I suppose the difference here is that pledges use a single kernel but restrict kernel interfaces for each process while the unikernel approach creates a kernel subset for each VM (and thus each process, for VMs dedicated to a single process).

Can anyone knowledgeable comment about the advantages or disadvantages of each? I'm guessing unikernals will be more portable (only OpenBSD is doing pledges to my knowledge) and more popular with the containerization movement. Can pledges accomplish the same objective with better use of system resources?

Edit: clarity about portability point

[1] http://www.openbsd.org/cgi-bin/man.cgi/OpenBSD-current/man2/...

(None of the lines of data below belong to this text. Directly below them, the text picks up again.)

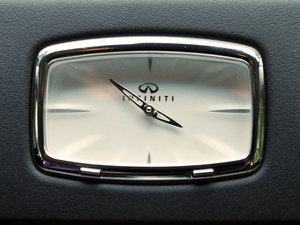 2011款M37 中控区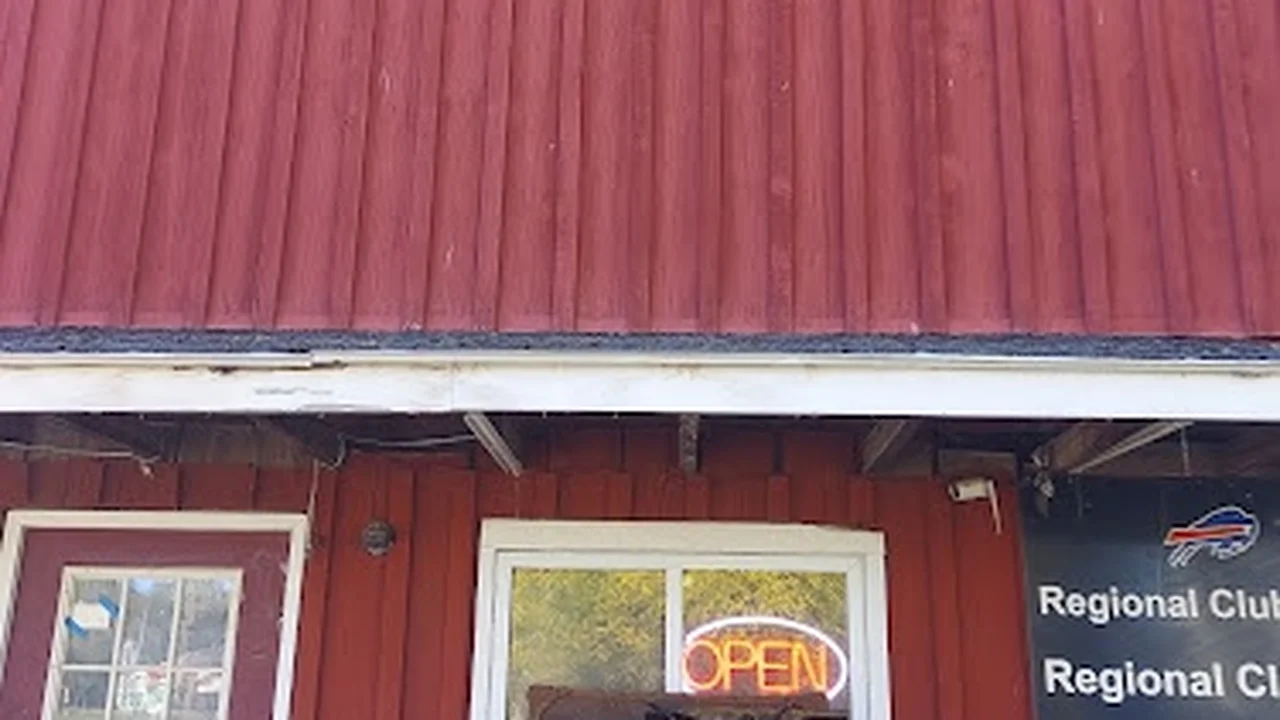 Consignment store in Caneadea, New York: Red Barn Country Mall Jeremy Cee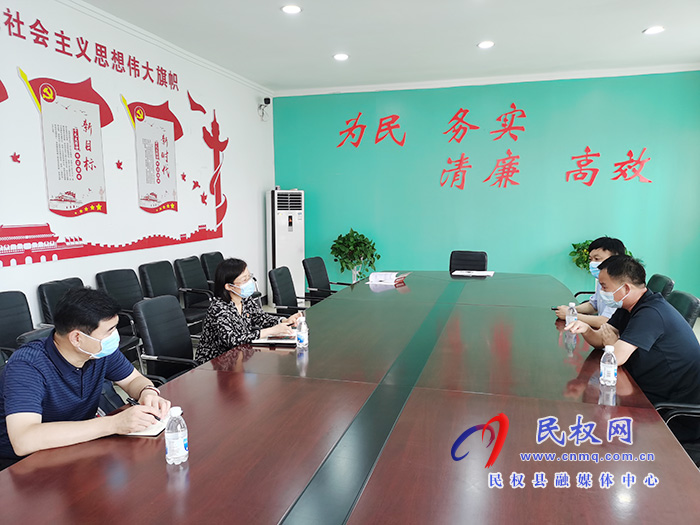 縣委副書記、代縣長(zhǎng)王靜嫻到林七鄉(xiāng)調(diào)研疫情防控工作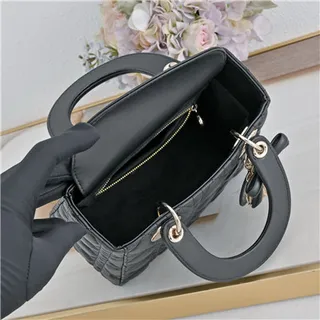 Dior Lady Dior Bolsa Tote com alça superior em borgonha com canage acolchado 21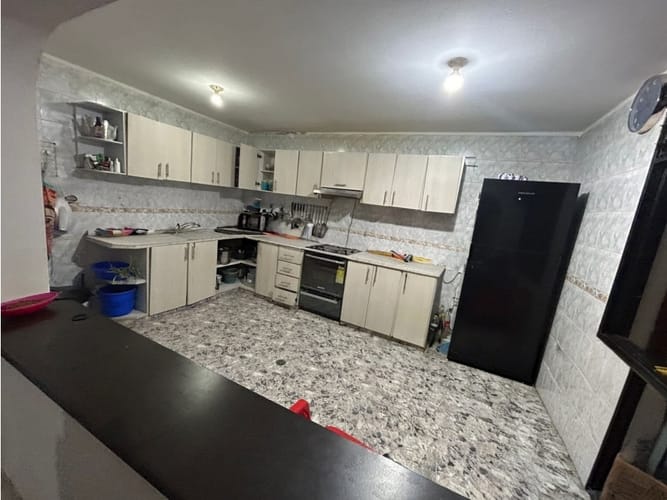 Casa de 9 alcobas en venta en San Alonso, Bucaramanga, 540 m² · foto 7 de 20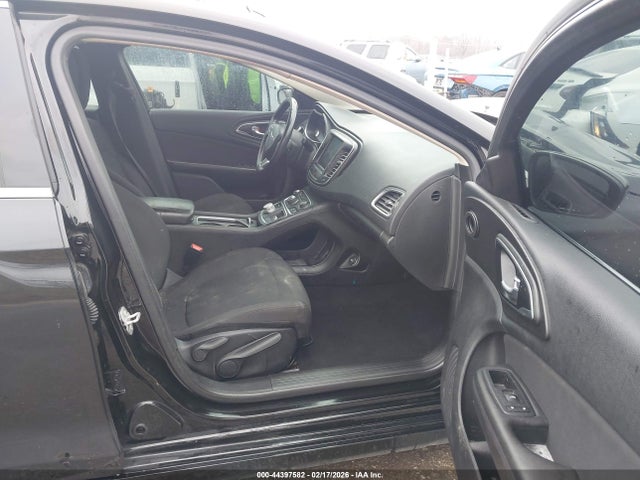 Продаж на аукціоні авто 2016 Chrysler 200 Limited, vin: 1C3CCCAB6GN121915, номер лоту: 44397582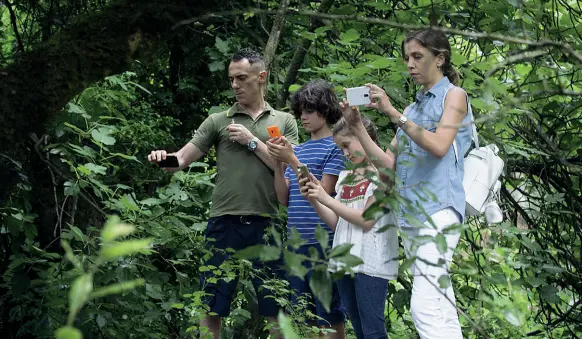  ??  ?? In apertura «Favolacce» dei fratelli D’Innocenzo, premiato per la migliore sceneggiat­ura a Berlino, sarà proiettato nelle sale virtuali italiane martedì alle 20.30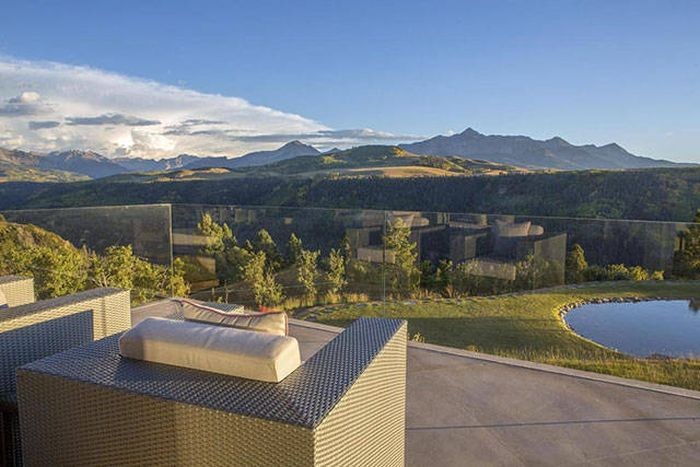 Идеальный дом в тихом и спокойном месте (38 фото)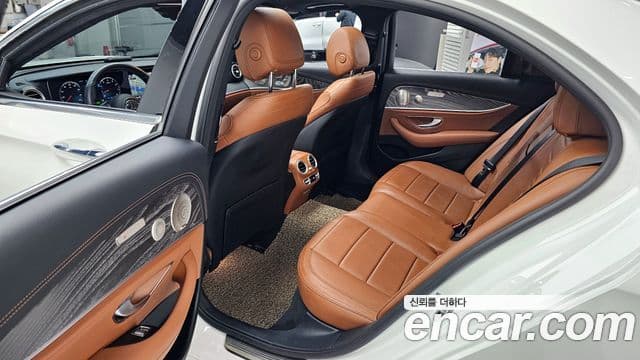 Mercedes-Benz E-класс W213 AMG Line, 2021 11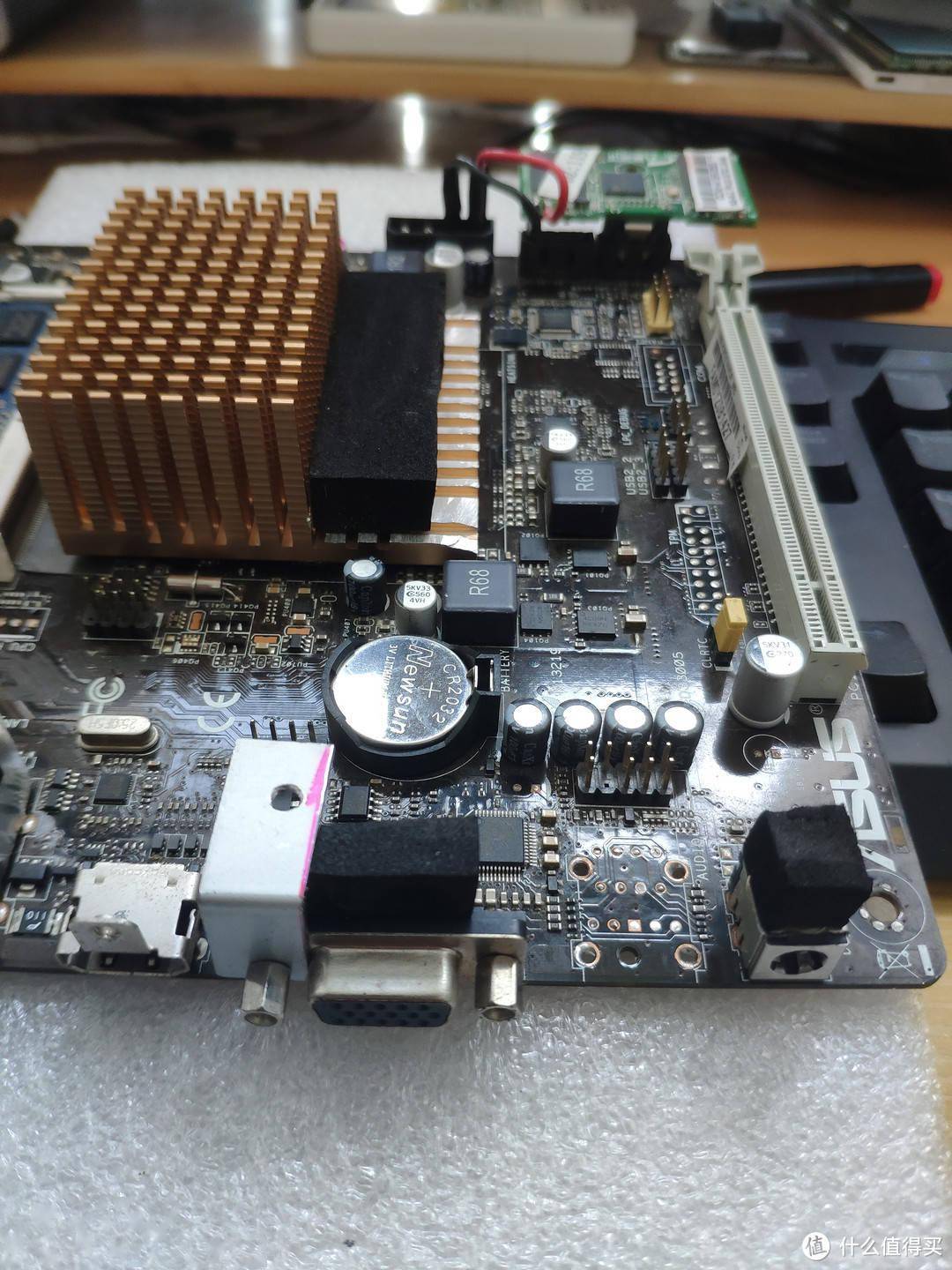 华硕j2900主板做软路由分享改网卡横置和替换小固态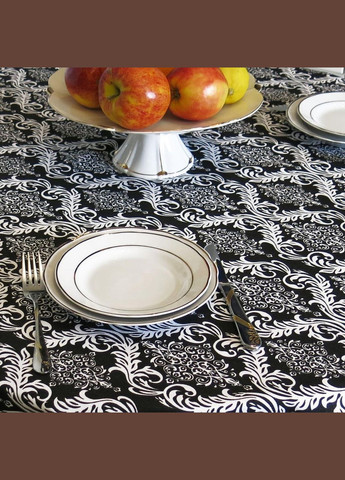 Водовідштовхувальна скатертина на стіл з тефлоновим покриттям чорного кольору з білим візерунком "Ажур" 120х120 Maystat (305390417)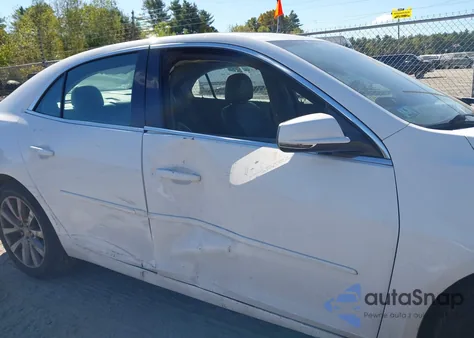 2015 Chevrolet Malibu 2Lt z USA, uszkodzony, nr VIN 1G11D5SL2FF114836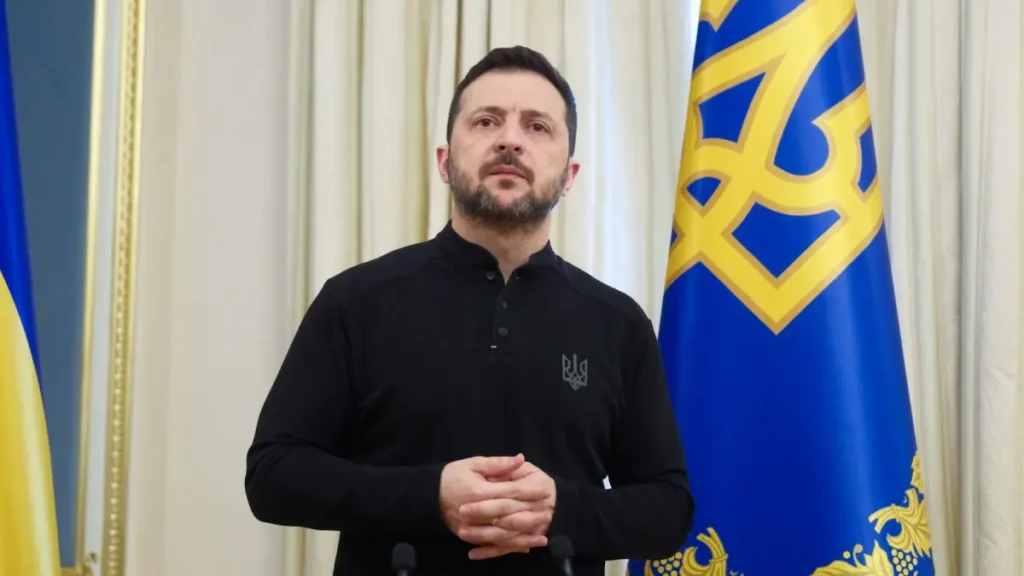 Зеленський - Росія розгорнула масований наступ по всій лінії фронту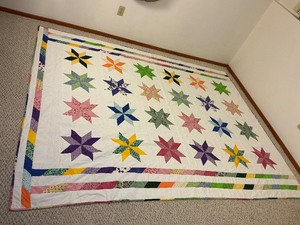 lot 239 image: Handmade King Size Quilt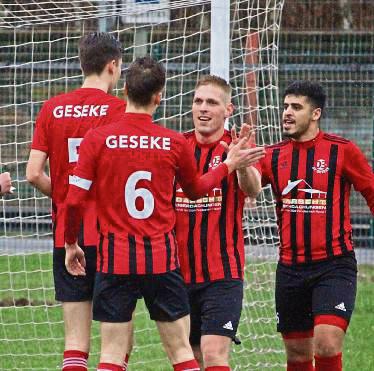 Freude bei den Fußballern des SV 03 Geseke, die jetzt doch der Bezirksliga 7 zugeordnet wurden. Foto: Schlink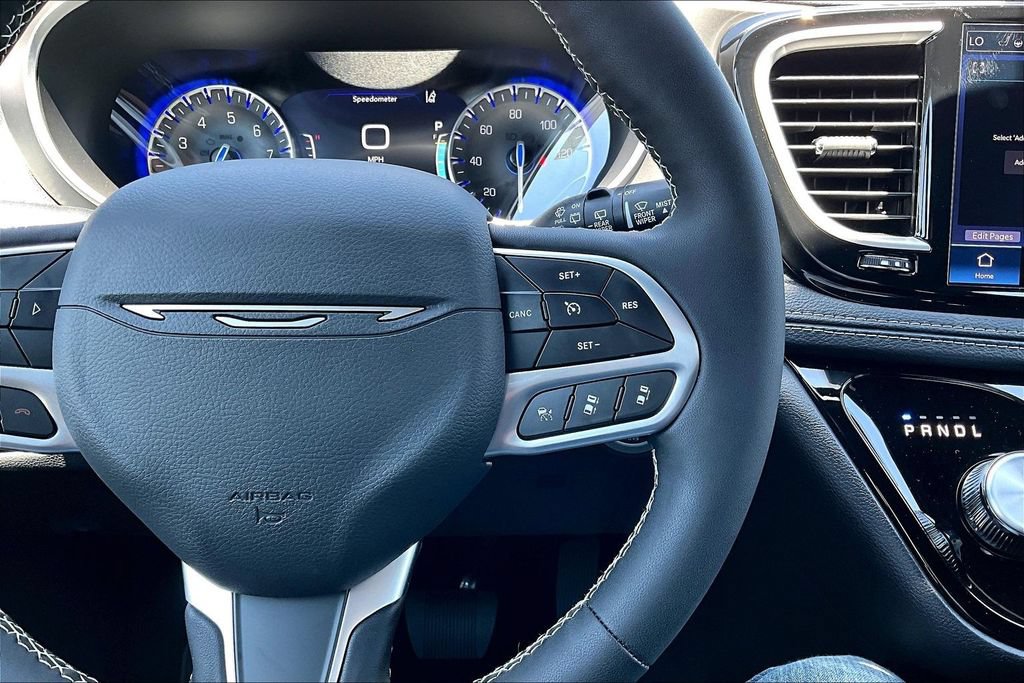 New 2027 Chrysler Pacifica Select FWD image 7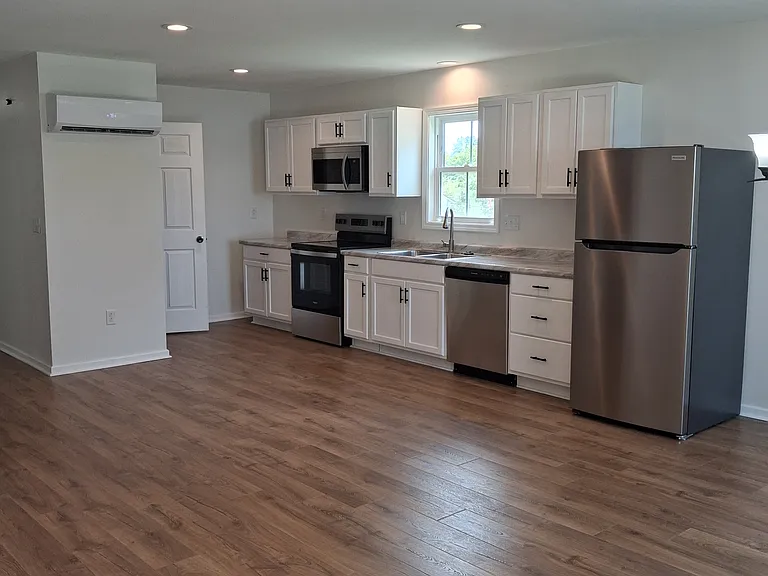 403 N A St — Photo 15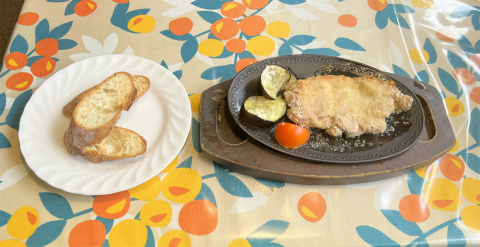 東京都世田谷区瀬田4丁目にあるイタリアンのお店「ANGELO アンジェロ」鶏肉の香草パン粉焼きとパン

masklinn · on Nov 19, 2015

They're compatible approaches, you could use pledges in a unikernel for exactly the same reason in order to further reduce the application's attack surface: a unikernel includes only what the application needs but it can't take advantage of the application's needs varying (reducing) over time[0], which is pledge(2) allows.

[0] one of the reasons for pledge(2) was the realisation/understanding that many applications have an initial setup phase followed by a "stable state", where the stable state needs significantly less services than the setup e.g. setup might require reading config files but the steady state doesn't and just listens on a socket, so you can call pledge(2) multiple times and further reduce the application's abilities (attempting to increase them will fail with EPERM)

cpuguy83 · on Nov 20, 2015

Neat!

avsm · on Nov 19, 2015

(I'm a slacking OpenBSD developer and a unikernel hacker, so I guess I should respond :-)

Pledging is the most usable form of priv-dropping I've seen yet in any OS, since it was designed after looking at the "flow" of how a typical daemon interacts with the kernel, rather than a low-level syscall interface that the typical programmer would have no idea about. I've used many of the different privilege dropping interfaces in OpenBSD over the years, and to recall the journey:

- Separating out syslogd back in 2003 was a fun adventure in manual privsepping before it became mainstream; I think just sshd used in it base before that. This required building an automaton of how the privileged messages from syslog would work, and carefully coordinating the state machine and message passing around that. http://marc.info/?l=openbsd-cvs&m=105967566808306&w=2

At this point we had two processes, but the root process couldn't do fine-grained dropping of privileges and just had to be carefully audited by lots of people.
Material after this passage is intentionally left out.